CHOPS GARNISHED WITH ARTICHOKES

These chops are cut from the rack. They are cut an inch thick, the bones removed, and the meat turned and tied into round pieces. They are then struck with the flat side of the cleaver to smooth and flatten them a little.

Broil the chops, spread them with butter, and sprinkle them with chopped parsley, pepper, and salt. Arrange them symmetrically on a platter and place on each one an artichoke bottom holding a little good sauce, such as bearnaise or Hollandaise, or even melted butter, and a few green peas.

Artichoke bottoms come in cans and can be purchased from a grocer. The French ones are the best. They do not need any more cooking, but should be heated by placing them in hot water.

NO. 66. BONED LOIN CHOPS WITH MUSHROOMS AND PEAS.

BONED CHOPS WITH MUSHROOMS

These chops should be cut an inch and a quarter thick from the loin, the bone then carefully removed, some of the fat taken out, and the thin end piece drawn around and fastened with a wooden skewer, giving a perfectly round chop. Have them uniform in size. Cook them on a hot pan. Turn them frequently after the surfaces are seared so they will cook evenly and slowly. If preferred, they can be broiled over hot coals, but are then more likely to lose their shape and the skewers will be burned.

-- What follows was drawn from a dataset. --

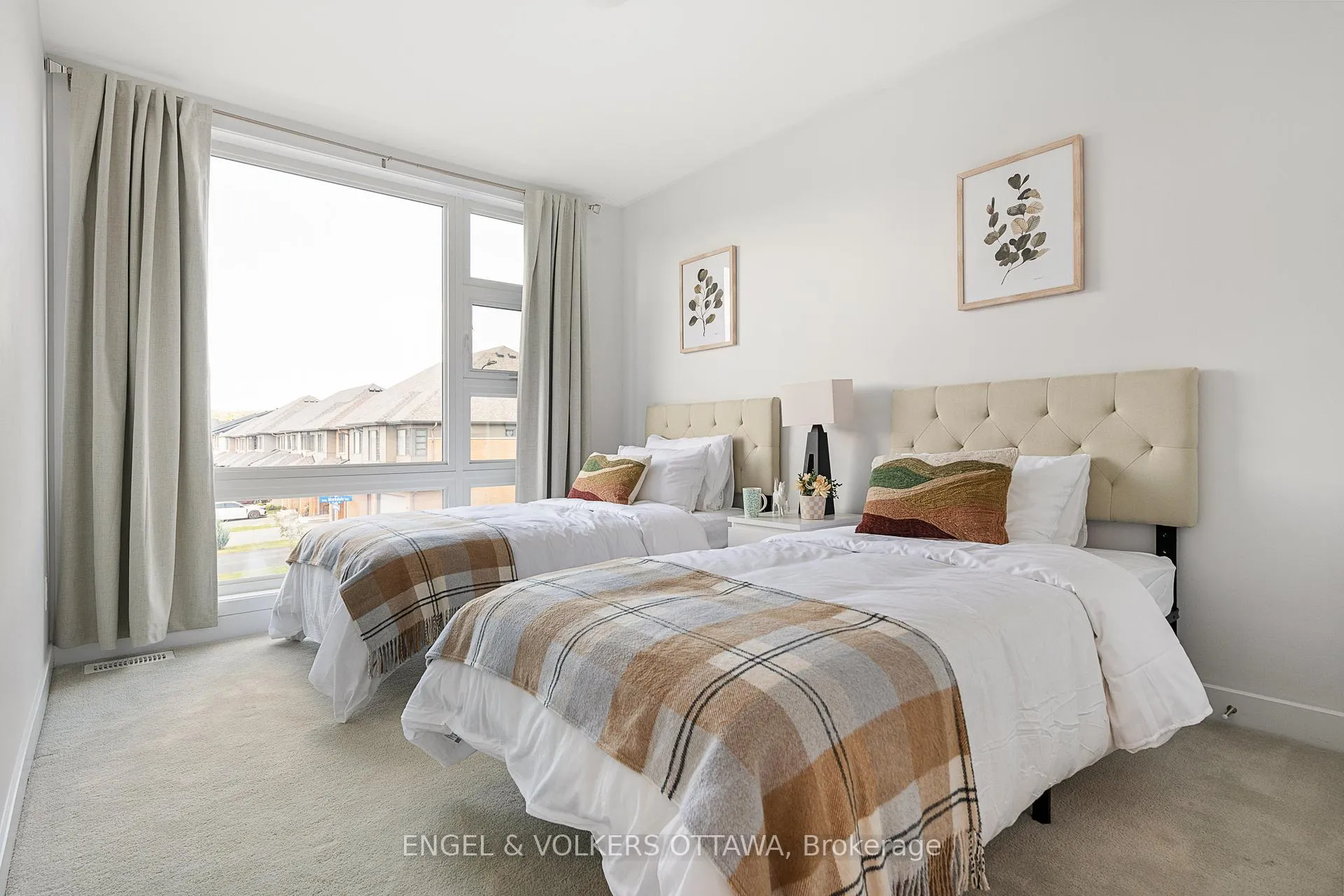 Photo 10 of 430 Markdale Terrace, Ottawa, Riverside South/Gloucester Glen — HOMEH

Arrange the chops flat on the dish in a circle with the skewers pointing out. Cover the top of each chop with a sauce made of the chopped mushroom stems, and place in the center of each chop a large mushroom cap. Place a paper frill on each skewer. Fill the center of the ring of chops with green peas or any small vegetable, or with mashed or fried potatoes.

TO PREPARE THE MUSHROOMS

Select large mushrooms, those not fully opened preferred, as they stand higher. Cut the stems off even with the caps. Peel the caps. Chop the stems. Put all in a pan with butter and sauté them until tender. Remove the caps as soon as they are tender, and before they have flattened out. Add a little stock, or water, to the pan, and a little flour. Stir until the sauce is thickened to the consistency of cream, season with a little salt and pepper. Use this sauce for the tops of the chops.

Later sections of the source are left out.